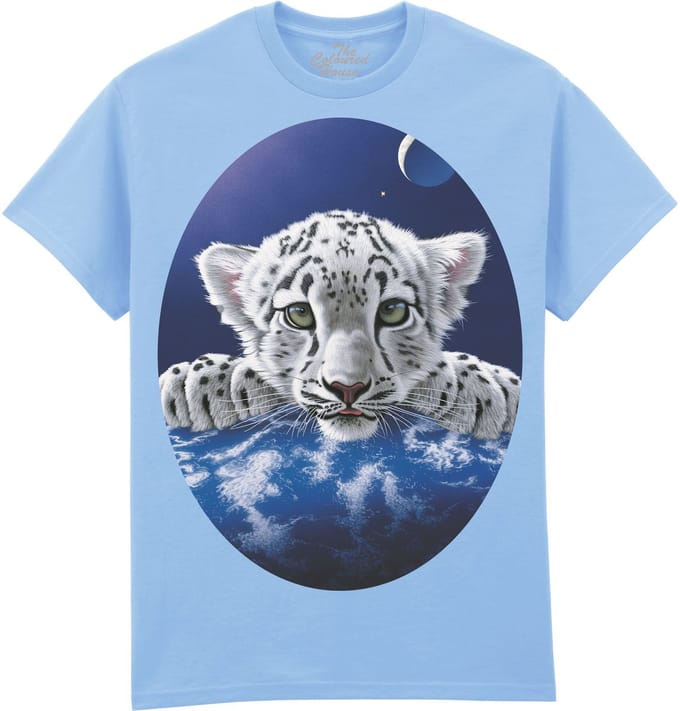 My World Too The Coloured House T-shirt S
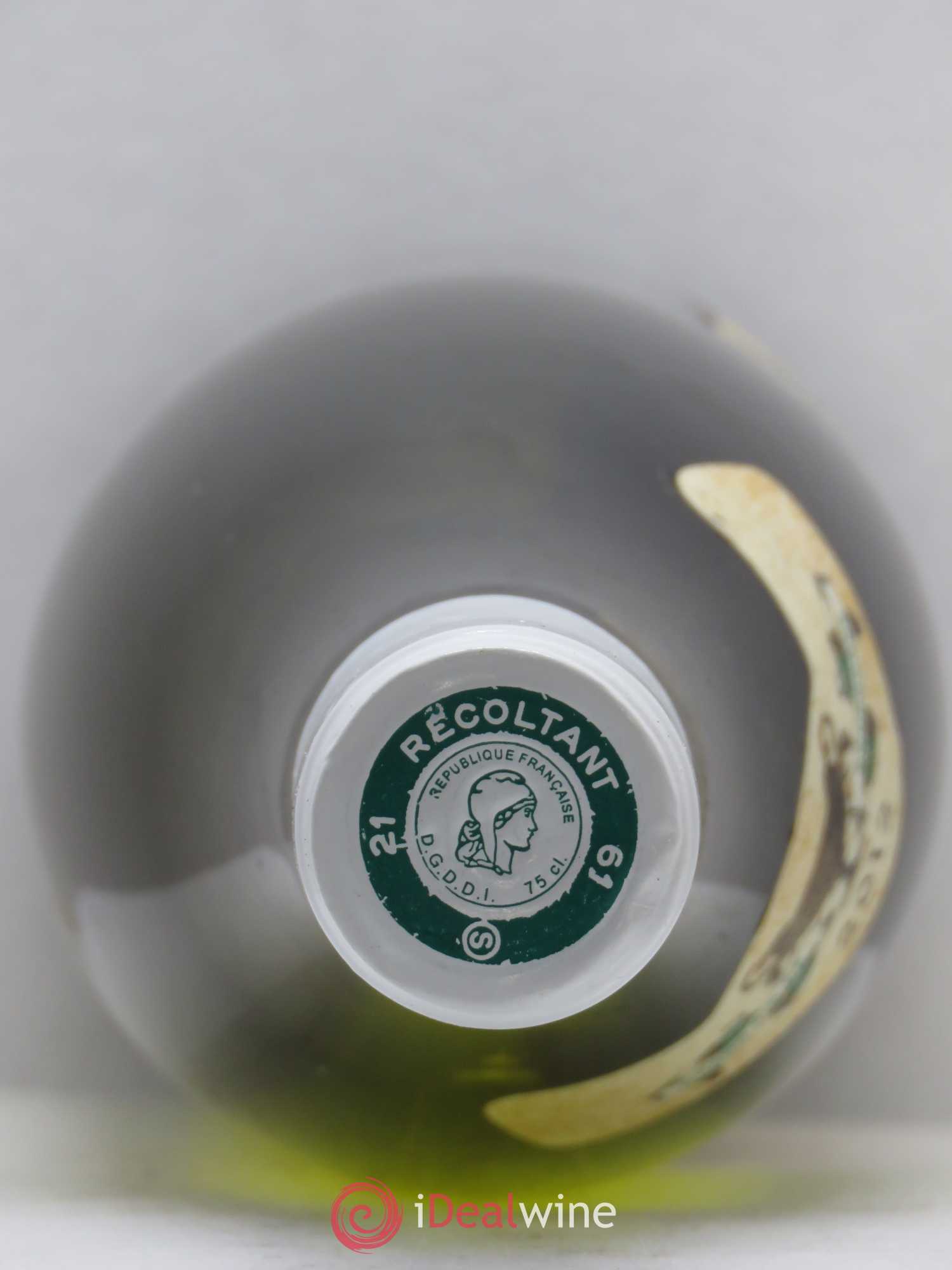 Meursault Coche Dury (Domaine) 2012 - Lot of 2 bottles - 1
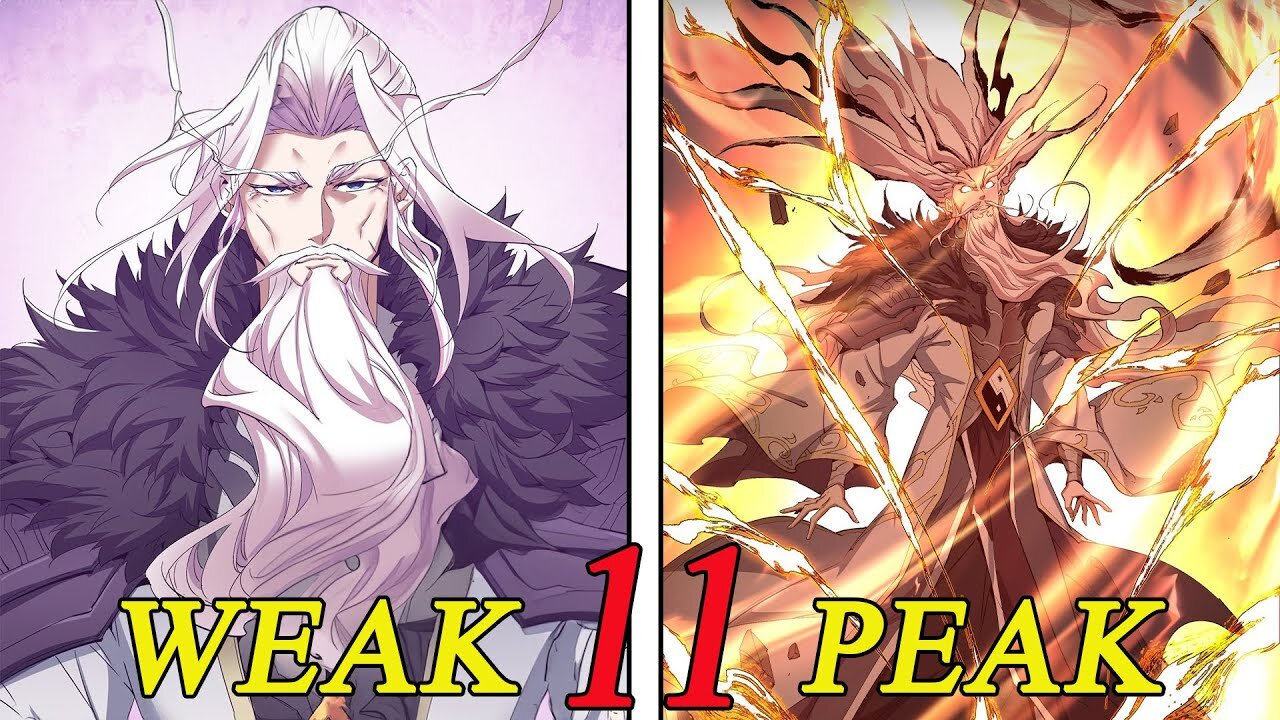 (11) The World’s Evilest Cultivator Betrayed by His Disciples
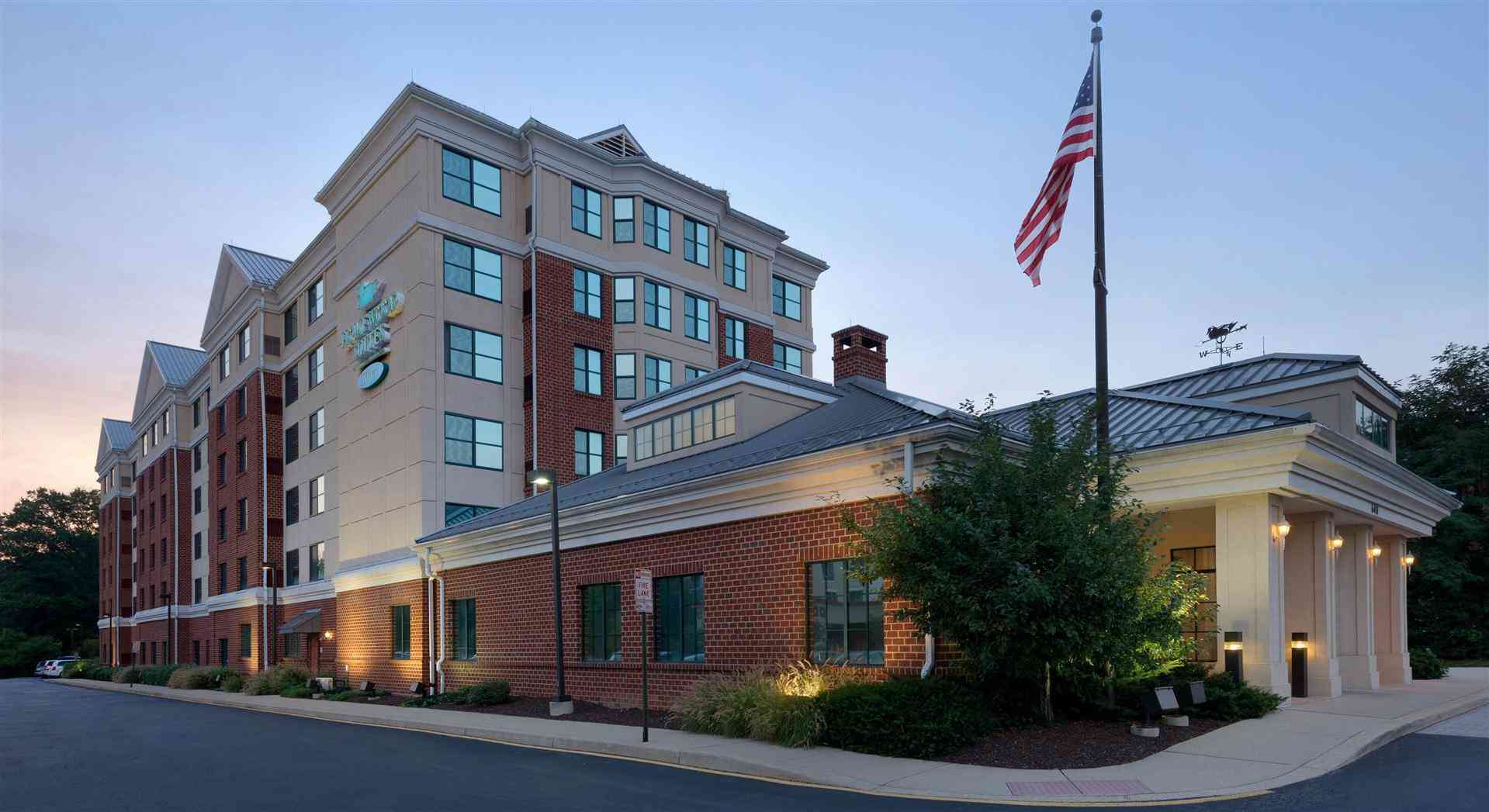 Homewood Suites by Hilton Newark-Wilmington South Area i Newark, DE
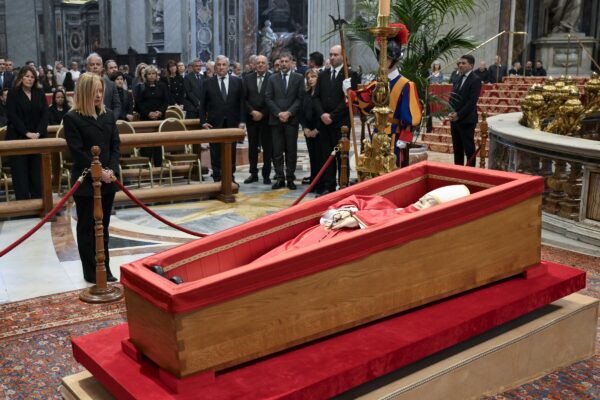 Pope Francis, Meloni: ‘A figure who has left a profound mark on our times’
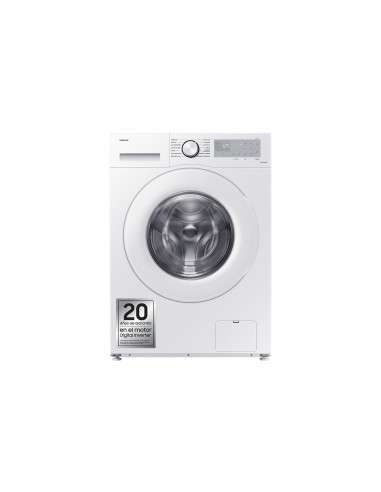 Lavadora Samsung WW80CGC04DTHEC  8kg  1400rpm  a 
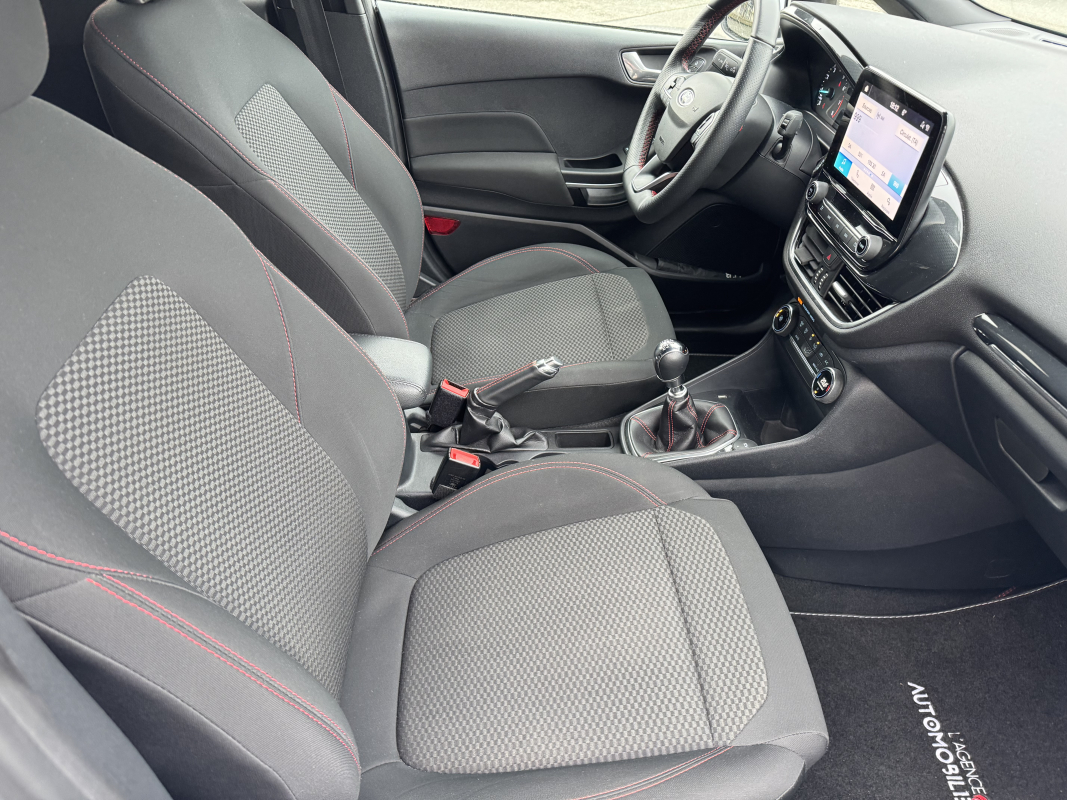 Ford Fiesta — 16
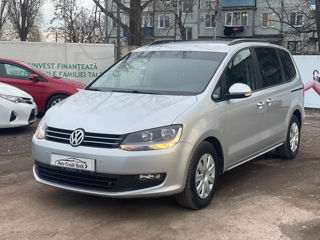 Volkswagen Sharan foto 1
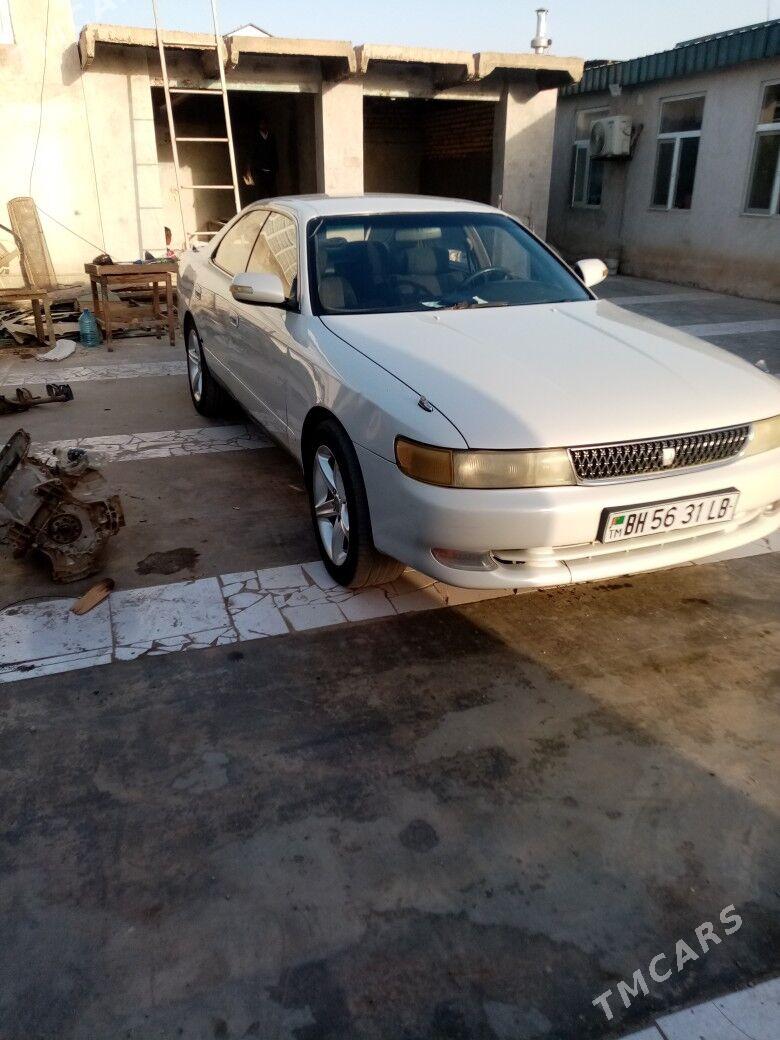 Toyota Chaser 1994 - 40 000 TMT - Туркменабат - img 2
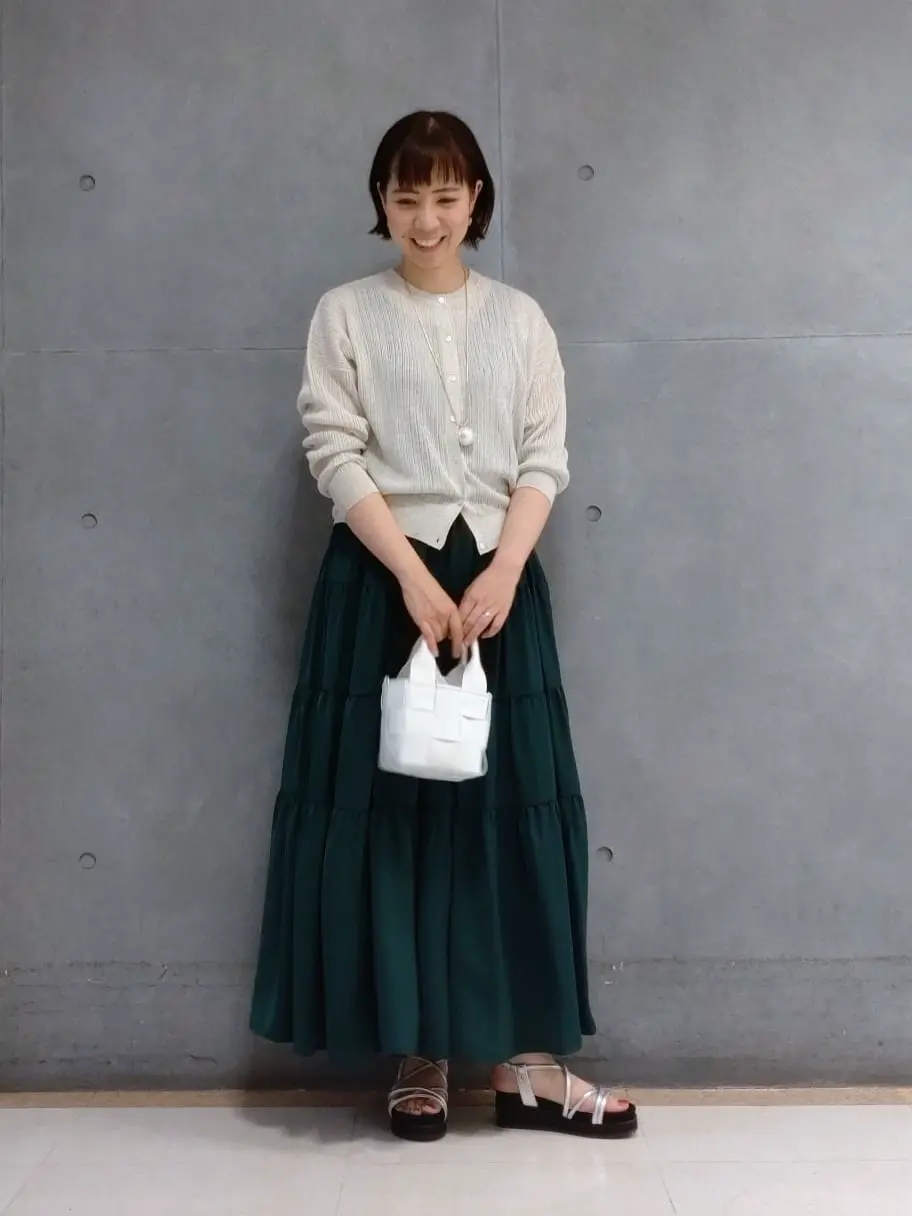 自由区 丸尾 コーディネート画像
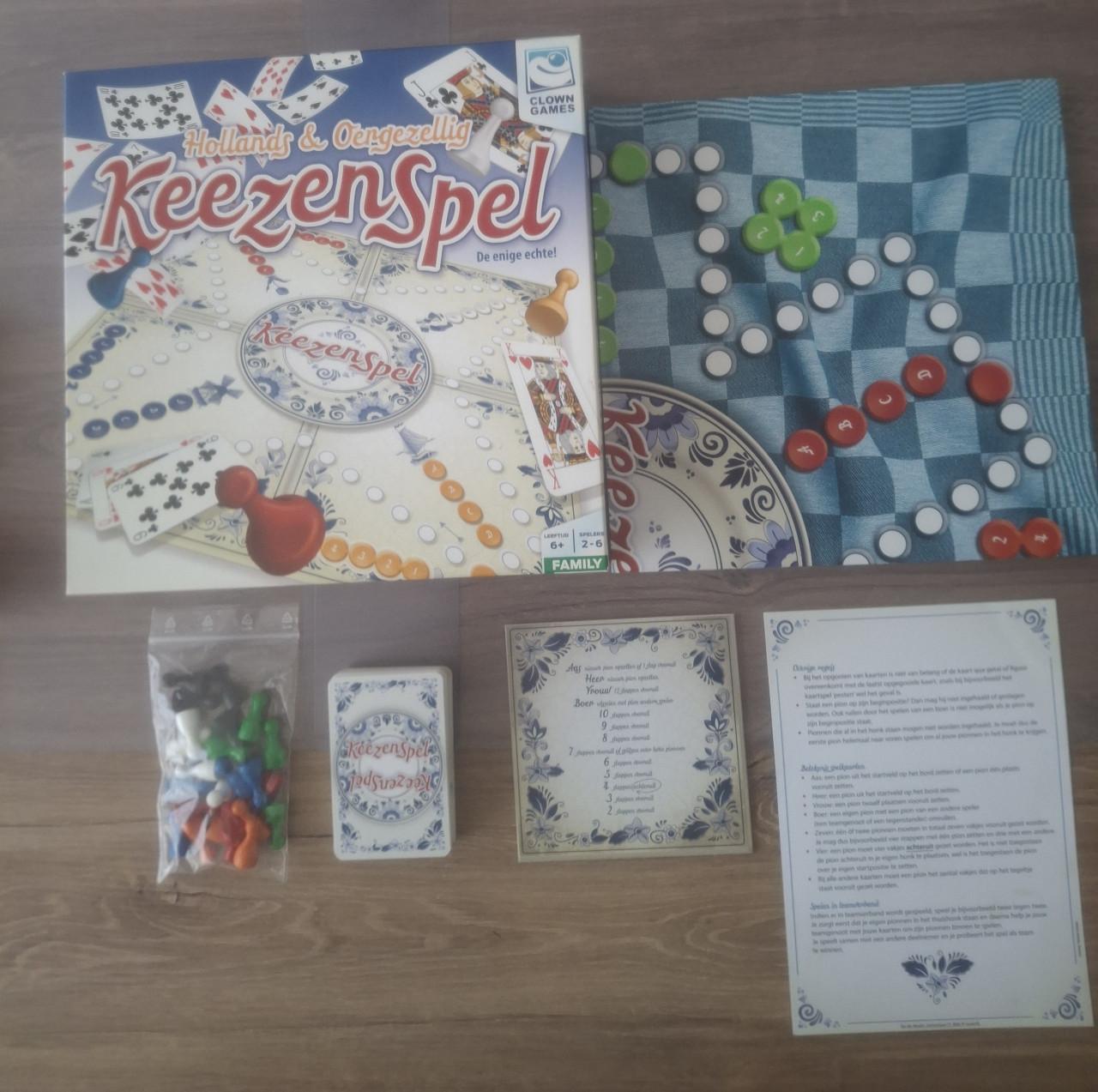 Keezenspel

▶ [PROBLEM DETAILS]
What should appear is an exact copy of the lines from the one containing "Ford Fiesta — 16" through the last line of the records above, pictures excluded.

▶ [TASK OUTPUT]
 Ford Fiesta — 16
 Volkswagen Sharan foto 1
 Toyota Chaser 1994 - 40 000 TMT - Туркменабат - img 2
 自由区 丸尾 コーディネート画像
 Keezenspel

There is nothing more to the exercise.